In [1]:
import os
import requests
import phoenix as px

from phoenix.otel import register

from bs4 import BeautifulSoup
from pathlib import Path

from langchain.prompts import ChatPromptTemplate, MessagesPlaceholder
from langchain_core.messages import AIMessage, HumanMessage
from langchain.chains.history_aware_retriever import create_history_aware_retriever
from langchain.chains.retrieval import create_retrieval_chain
from langchain.chains.retrieval_qa.base import RetrievalQA
from langchain.chains.combine_documents import create_stuff_documents_chain
from langchain.document_loaders import TextLoader
from langchain.text_splitter import RecursiveCharacterTextSplitter
from langchain.vectorstores import FAISS
from langchain_google_genai import ChatGoogleGenerativeAI, GoogleGenerativeAIEmbeddings

from openinference.instrumentation.langchain import LangChainInstrumentor

from dotenv import load_dotenv
load_dotenv()

True

In [2]:
assert ("GOOGLE_API_KEY" in os.environ), "Please set your GOOGLE_API_KEY environment variable."

# Setup

In [3]:
# Launch Phoenix
import phoenix as px
px.launch_app(use_temp_dir=False)


🌍 To view the Phoenix app in your browser, visit http://localhost:6006/
💽 Your data is being persisted to sqlite:////home/hrushikesh/.phoenix/phoenix.db
📖 For more information on how to use Phoenix, check out https://docs.arize.com/phoenix


<phoenix.session.session.ThreadSession at 0x7f70acc77e00>

In [4]:
# Connect notebook to Phoenix
tracer_provider = register(project_name="LangChain RAG Tracing")

🔭 OpenTelemetry Tracing Details 🔭
|  Phoenix Project: LangChain RAG Tracing
|  Span Processor: SimpleSpanProcessor
|  Collector Endpoint: localhost:4317
|  Transport: gRPC
|  Transport Headers: {'user-agent': '****'}
|  
|  Using a default SpanProcessor. `add_span_processor` will overwrite this default.
|  
|  `register` has set this TracerProvider as the global OpenTelemetry default.
|  To disable this behavior, call `register` with `set_global_tracer_provider=False`.



In [5]:
# Initialize the LangChain Instrumentor
## There are lot of other tracer-instruments that can be used for more detailed tracing - https://github.com/Arize-ai/openinference/tree/main/python/instrumentation/openinference-instrumentation-langchain/examples
LangChainInstrumentor().instrument(tracer_provider=tracer_provider)

In [6]:
# Setup Models
google_llm = ChatGoogleGenerativeAI(
    model="gemini-1.5-flash-002",
    temperature=0,
)

google_llm_embeddings = GoogleGenerativeAIEmbeddings(
    model='models/text-embedding-004',
    task_type="retrieval_document",
)

# FAISS Database Creation

In [7]:
# Scraping Federal Documents
def fetch_federal_document(url, div_class):
    """
    Scrapes the transcript of the Act Establishing Yellowstone National Park from the given URL.

    Args:
    url (str): URL of the webpage to scrape.

    Returns:
    str: The transcript text of the Act.
    """
    # Sending a request to the URL
    response = requests.get(url)
    if response.status_code == 200:
        # Parsing the HTML content of the page
        soup = BeautifulSoup(response.text, "html.parser")
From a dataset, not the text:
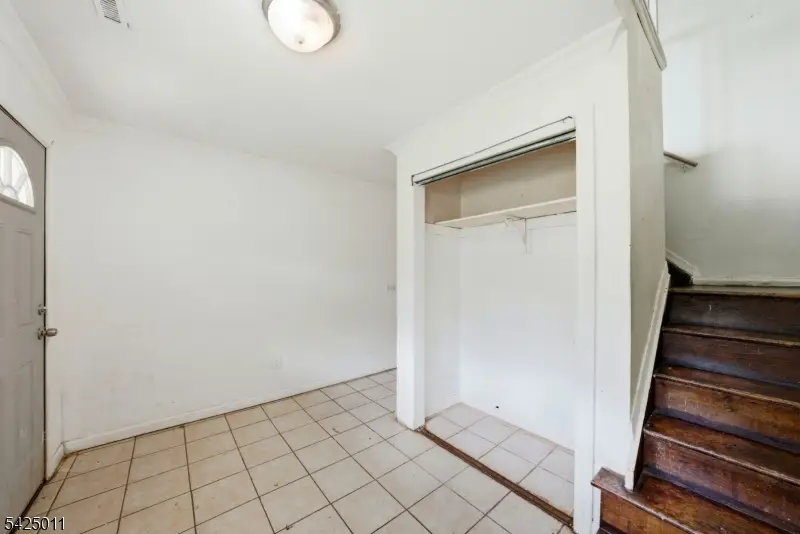 105 Berger St, Franklin, NJ 08873 - #3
        # Finding the transcript section by its HTML structure
        transcript_section = soup.find("div", class_=div_class)
        if transcript_section:
            transcript_text = transcript_section.get_text(separator="\n", strip=True)
            return transcript_text
        else:
            return "Transcript section not found."
    else:
        return f"Failed to retrieve the webpage. Status code: {response.status_code}"

In [8]:
# Document Fetching and Saving
def fetch_and_save_documents(url_list, doc_path):
    """
    Fetches documents from given URLs and saves them to a specified file path.

    Args:
        url_list (list): List of URLs to fetch documents from.
        doc_path (str): Path to the file where documents will be saved.
    """
    for url in url_list:
        document = fetch_federal_document(url, "col-sm-9")
        with open(doc_path, "a") as file:
            file.write(document)

In [9]:
# FAISS Database Creation
def create_faiss_database(document_path, database_save_directory, chunk_size=1500, chunk_overlap=200):
    """
    Creates and saves a FAISS database using documents from the specified file.

    Args:
        document_path (str): Path to the file containing documents.
        database_save_directory (str): Directory where the FAISS database will be saved.
        chunk_size (int, optional): Size of each document chunk. Default is 500.
        chunk_overlap (int, optional): Overlap between consecutive chunks. Default is 10.

    Returns:
        FAISS database instance.
    """
    # Load documents from the specified file
    document_loader = TextLoader(document_path)
    raw_documents = document_loader.load()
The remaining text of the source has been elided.